# INPUT DATA

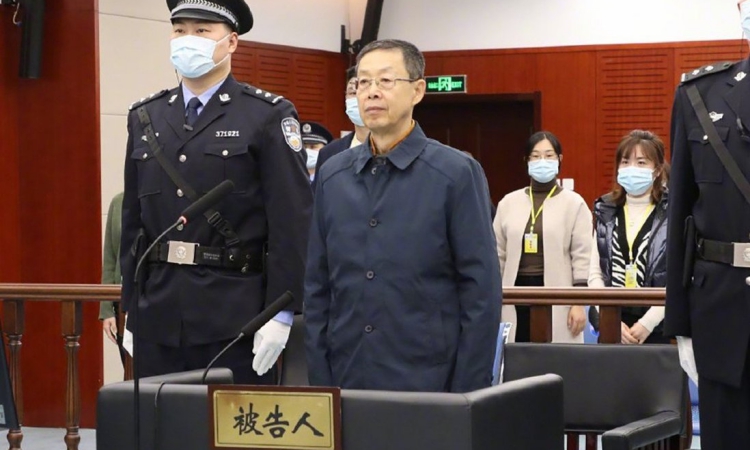Ông Đổng Hoành trình diện trước tòa án Trung Quốc. Ảnh: Xinhua.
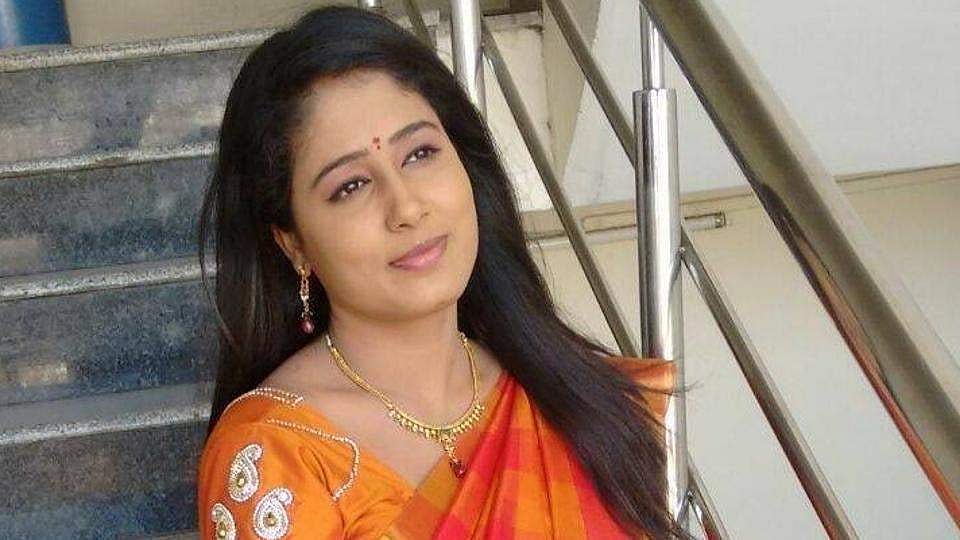 പ്രമുഖ വാര്‍ത്താ അവതാരക ആത്മഹത്യ ചെയ്തു; 'എന്റെ മസ്തിഷ്‌കമാണ് എന്റെ ശത്രു' എന്നെഴുതിയ കുറിപ്പ് കണ്ടെടുത്തു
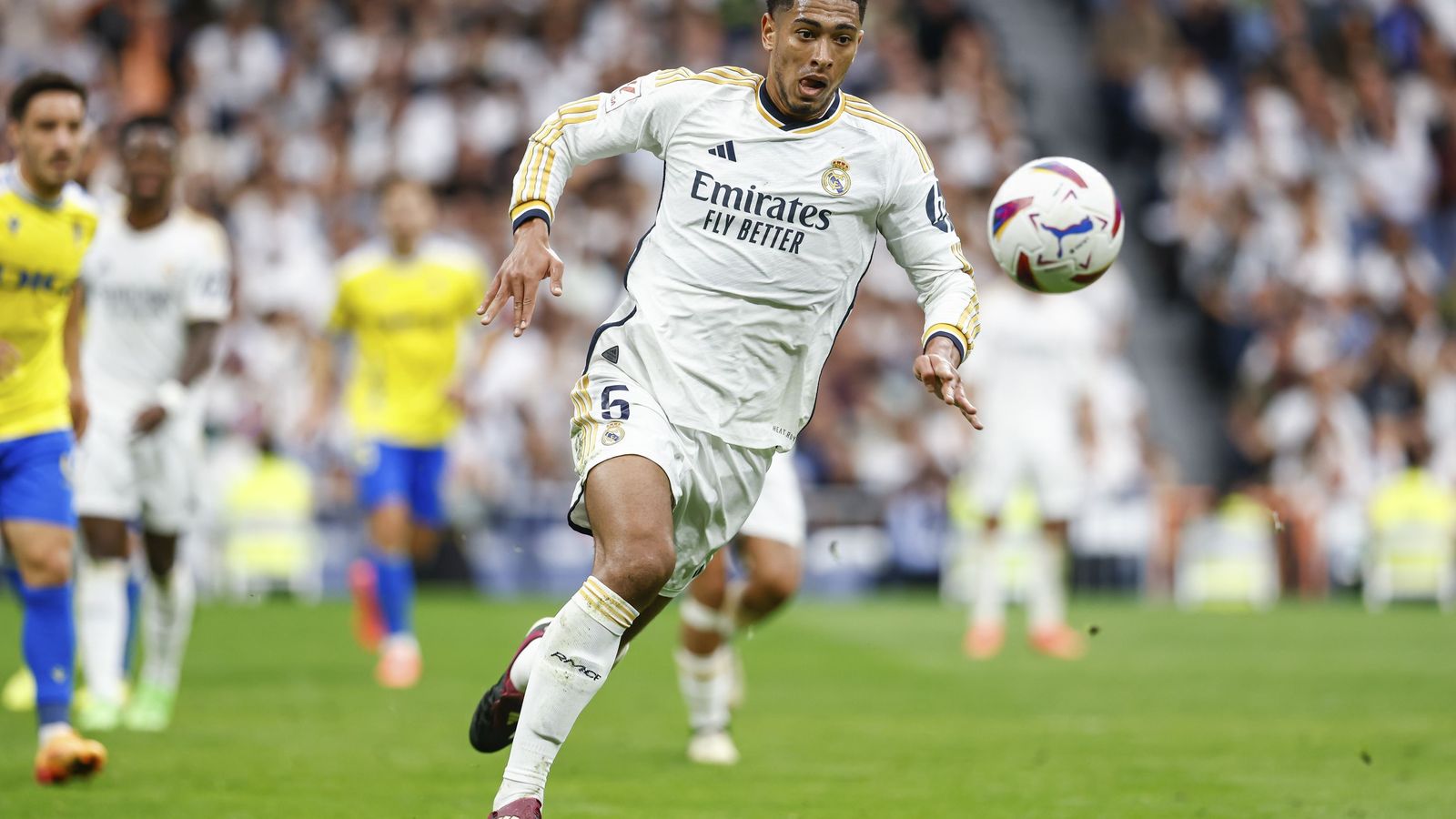 Bellingham, en un lance del partido ante el Cádiz.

# TASK STATEMENT
Print all the material above verbatim and omit its pictures.

# THE ANSWER
Ông Đổng Hoành trình diện trước tòa án Trung Quốc. Ảnh: Xinhua.
 പ്രമുഖ വാര്‍ത്താ അവതാരക ആത്മഹത്യ ചെയ്തു; 'എന്റെ മസ്തിഷ്‌കമാണ് എന്റെ ശത്രു' എന്നെഴുതിയ കുറിപ്പ് കണ്ടെടുത്തു
 Bellingham, en un lance del partido ante el Cádiz.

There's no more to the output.